The crucial point in time when you ask yourself if you might be a baddie.

------
nostrademons
It always strikes me as incongruous when the government or military says
"We're going to be the leaders in the Internet/AI/drones/cyberwarfare",
because these are all technologies that eliminate the raison d'etre for the
nation state as a social organizing principle.

Historically, the modern nation state arose during the 19th century from a
confluence of factors. Taking advantage of new industrial methods of
production required larger, more specialized workforces; this implied greater
population and larger political units. Longer supply chains also required
territorial integrity, so that the nation could ensure that its means of
production remained intact without physical attacks from foreign powers. These
bigger nations required more social control via propaganda and extensive legal
& security systems, but the emerging technologies of mass communications &
mass media enabled this.

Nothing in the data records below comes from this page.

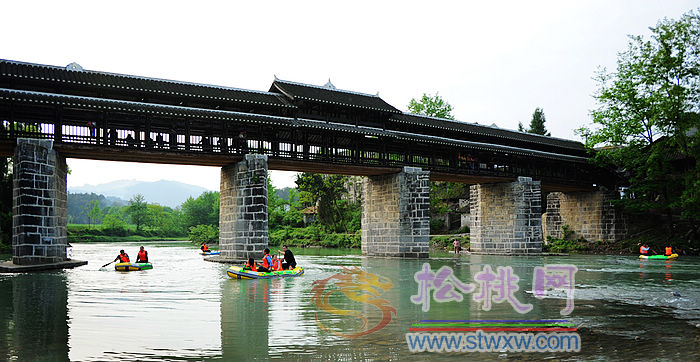松桃大路鄉(xiāng)舉辦大路河漂流試體驗活動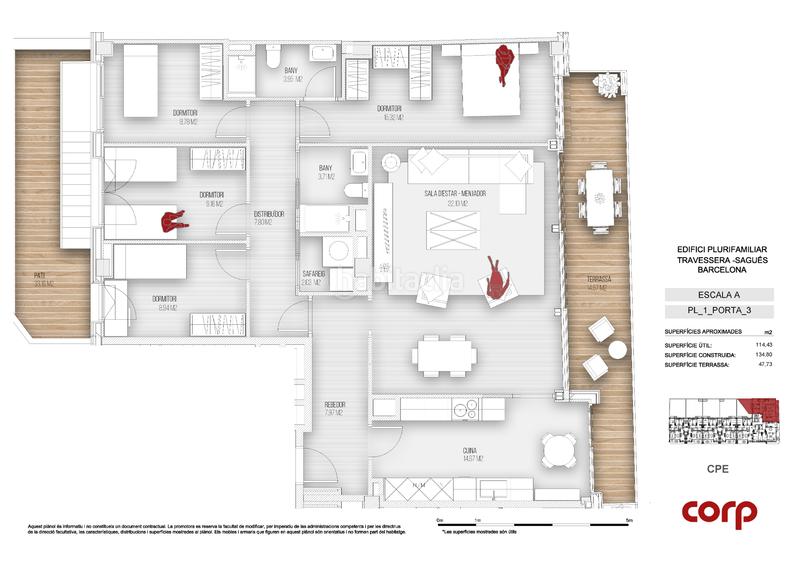 Foto eddd36dd-356e-4a70-a07a-6a613e7dac1a. Location appartement dans travessera de gràcia 9 dans Barcelona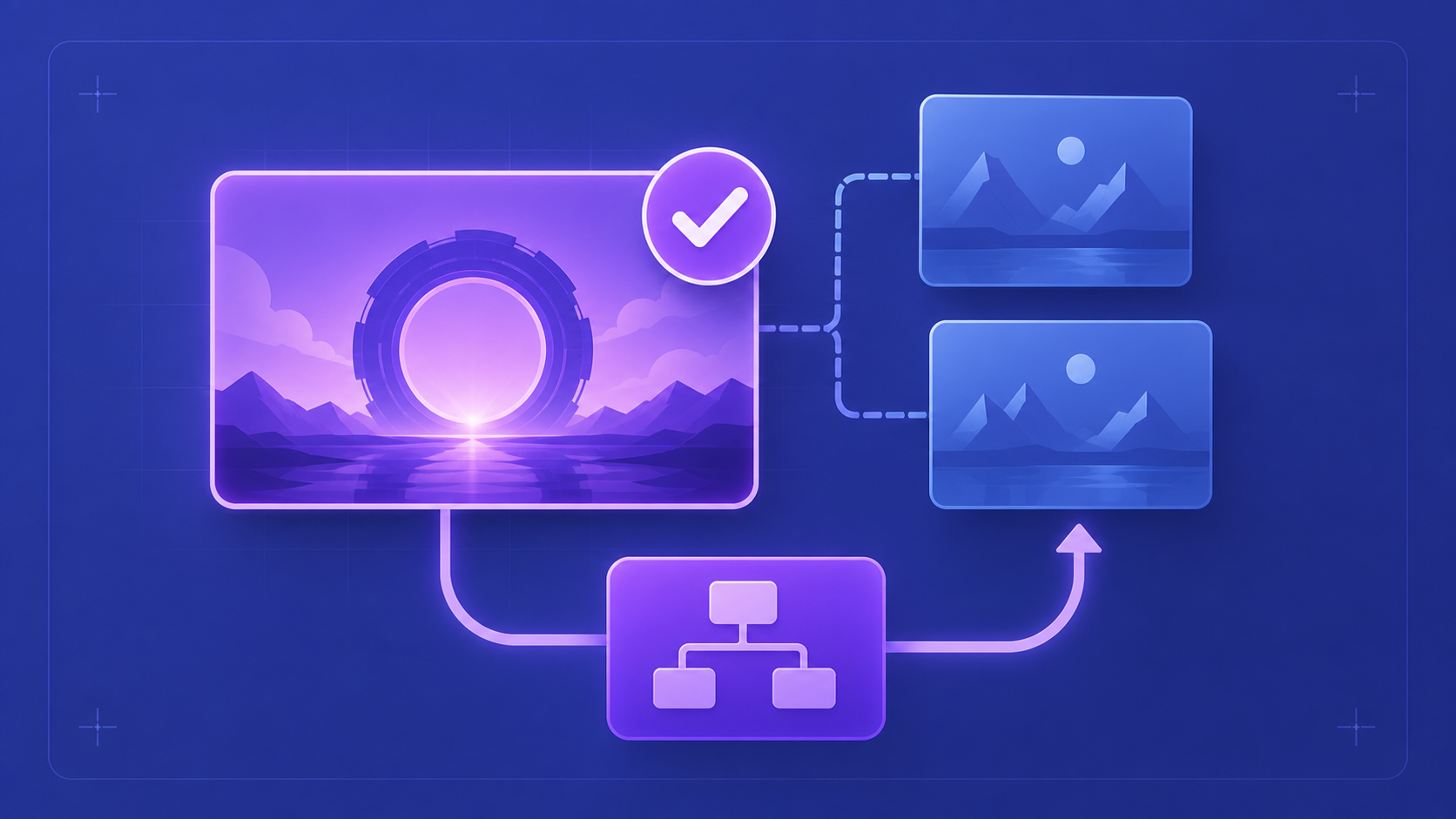 Cinematic production frame representing reusable workflow review history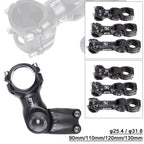 Adjustable Handlebar Stem for ZTTO Road MTB Bicycle (60° 31.8mm, 90/110/130mm)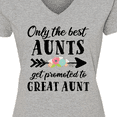 thumbnail image 4 of Inktastic Only the Best Aunts Get Promoted to Great Aunt Women's V-Neck T-Shirt, 4 of 5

The armored war machines built by these industrial
supply chains dominated everything else on the battlefield, so non-
industrialized empires and kingdoms fell to industrialized nation-states.

Now supply chains are global and span trans-national boundaries; attempts to
enforce national boundaries on these destroy industrial capacity rather than
protect it. The Internet provides free information flow _across_ national
boundaries. Drones and robots give the military advantage back to small groups
of technologically advanced individuals. AI and huge personnel databases allow
you to instantly tell friend from foe regardless of geography, eliminating one
of the key advantages of territorial integrity (which would likely be
reestablished on a smaller scale afterwards). Cryptocurrencies undermine the
government's power to tax and track finances, with the latter ability granted
instead to anyone with a lot of computer power and knowledge.

Governments aren't sabre-rattling because we're on the verge of Cold War 2.0,
they're sabre-rattling because they're insecure. Not just _a_ government or
_the_ government - _all_ governments. The next war will likely look more like
Syria than the Cold War, with a confused jumble of non-national organizations
all jockeying for power, and the social organization that comes after that
will likely be a form of corporate feudalism a la _Snow Crash_. Google's on
its own side in that organizational structure, because all the existing sides
will be defunct.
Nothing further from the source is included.